14 апреля партийная комиссия проводила своё заседание в подвале разрушенного дома на одерском плацдарме. Передний край проходил в 500—1000 метрах от нас. Сильно била артиллерия, и вся жизнь дивизии текла в траншеях и подвалах. Наступление ещё не начиналось, но его все ждали с часа на час. На этом заседании было принято в партию несколько человек. Здесь были разведчики, которым прямо с заседания предстояло отправиться в разведку, артиллеристы, которым выпало счастье в последующих боях выпустить первые снаряды по Берлину. Все стремились на выполнение ответственной задачи пойти коммунистами.

Началось наступление. Теперь работа парткомиссии усложнилась. Было трудно заранее предусмотреть, когда и где провести заседание.

Вызывать людей из частей не представлялось возможным, мы отправлялись в полки и батальоны и там на месте разбирали заявления. Одно из таких заседаний происходило в одном местечке. Мы пришли на позиции противотанкового дивизиона. Немцы вели сильный обстрел из орудий и миномётов. Батарея дивизиона расположилась на окраине местечка, близ леса. Отсюда артиллеристы вели огонь по переднему краю противника. Парткомиссия заседала на восточном склоне высоты в ячейках расчёта. Принимали в партию капитана Григория Сафронова, кавалера трёх боевых орденов. Он только что отошел от захваченной у немцев пушки, из которой вёл огонь по противнику. После разбора его дела он бегом вернулся к пушке и продолжал вести огонь, уже будучи коммунистом.

Тут же мы приняли в партию старшину Штыкина, прославленного в дивизии артмастера, который не только ремонтировал в бою пушки, но и сам не раз становился за орудие и вёл огонь по врагу. Были здесь и наводчики и командиры орудий, которым предстояло своим огнём прокладывать путь нашей пехоте на улицах Берлина.

Не всем, кто стал коммунистом в боях за Берлин, посчастливилось увидеть рейхстаг. Многие отдали жизнь за Родину на подступах к Берлину и на его улицах. Многим тяжёлые ранения помешали вступить на побеждённую берлинскую землю.

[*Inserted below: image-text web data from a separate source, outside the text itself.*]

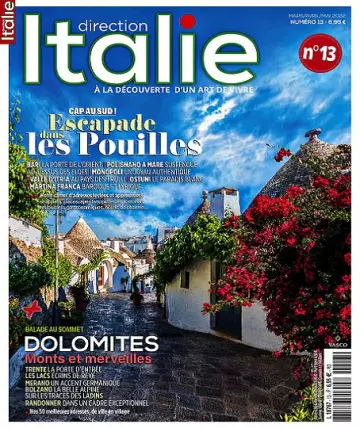 Direction Italie N°13 – Mars-Mai 2022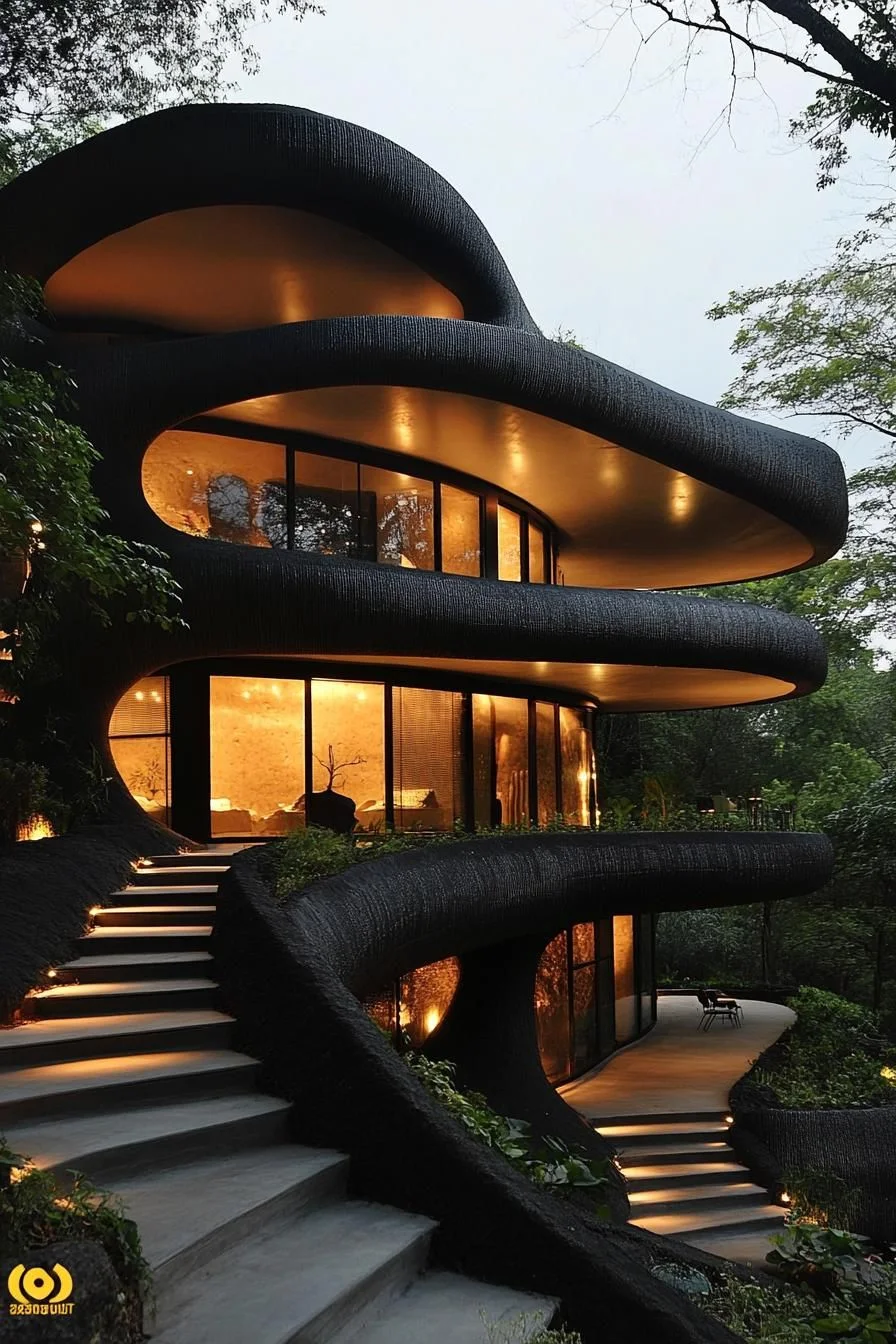 A Curvy Delight at Mystical Mushroom Manor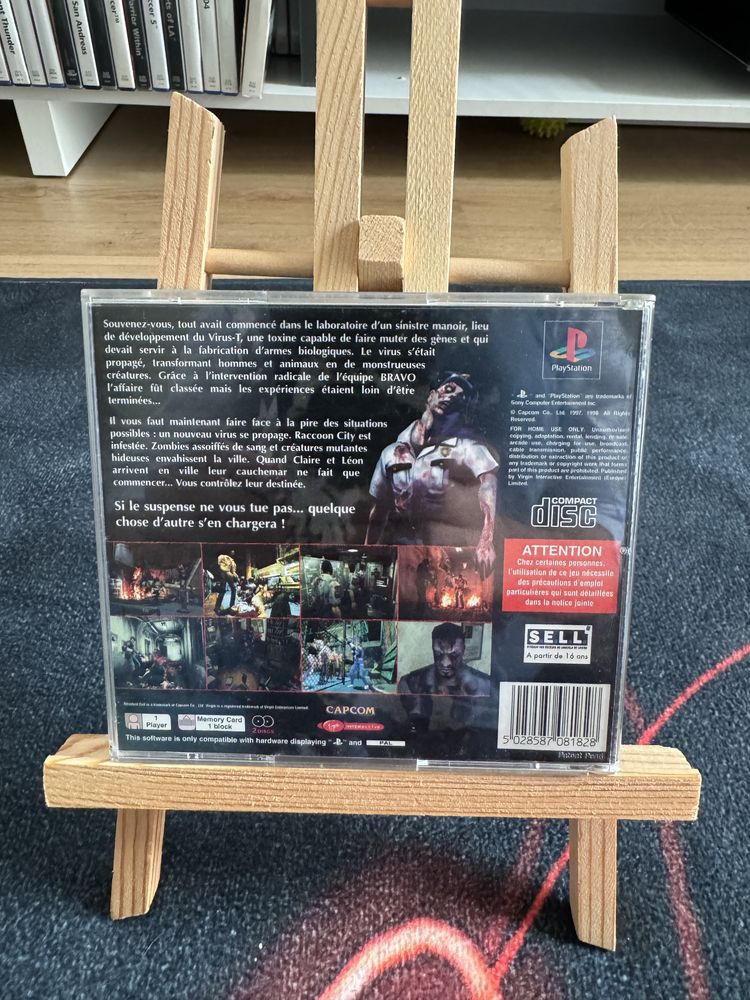 Resident evil 2 ps1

Бывало часто и так, что тяжело раненные коммунисты упрашивали своих товарищей не отправлять их в госпиталь, а дать возможность хоть одним глазом взглянуть на поверженную фашистскую столицу. Они уверяли, что это подействует на них лучше всяких лекарств.

30 апреля, во время штурма рейхстага, наша парткомиссия пробиралась по улицам, заваленным камнями, сожжёнными машинами и трупами гитлеровцев. Заседание происходило на командном пункте стрелкового полка, помещавшегося в подвале разбитого дома. Товарищей, которых принимали в партию, приходилось подолгу ждать. Отрывать их от дела было нельзя. Мы ждали, пока они смогут освободиться на несколько минут. Пришёл лейтенант Кашкарбаев. Он уже успел прославиться в уличных боях. «Желаю штурмовать рейхстаг членом партии», — писал он в своём заявлении. К моменту его приёма в партию он уже начал этот штурм. Он успел проникнуть в рейхстаг и со своим взводом уничтожил там немало немцев. Его приняли в партию, а уже через несколько минут он опять сражался в рейхстаге, выкуривал немцев из подвалов. Здесь же был принят в члены партии сержант Василий Кива, который своим огнём поддерживал атаку взвода Кашкарбаева.

В разгар заседания парткомиссии над куполом рейхстага было поднято советское знамя. Мы увидели его из окна подвала, и сильное волнение охватило нас всех.

Люди, которых мы только что приняли в партию, совершали великие подвиги.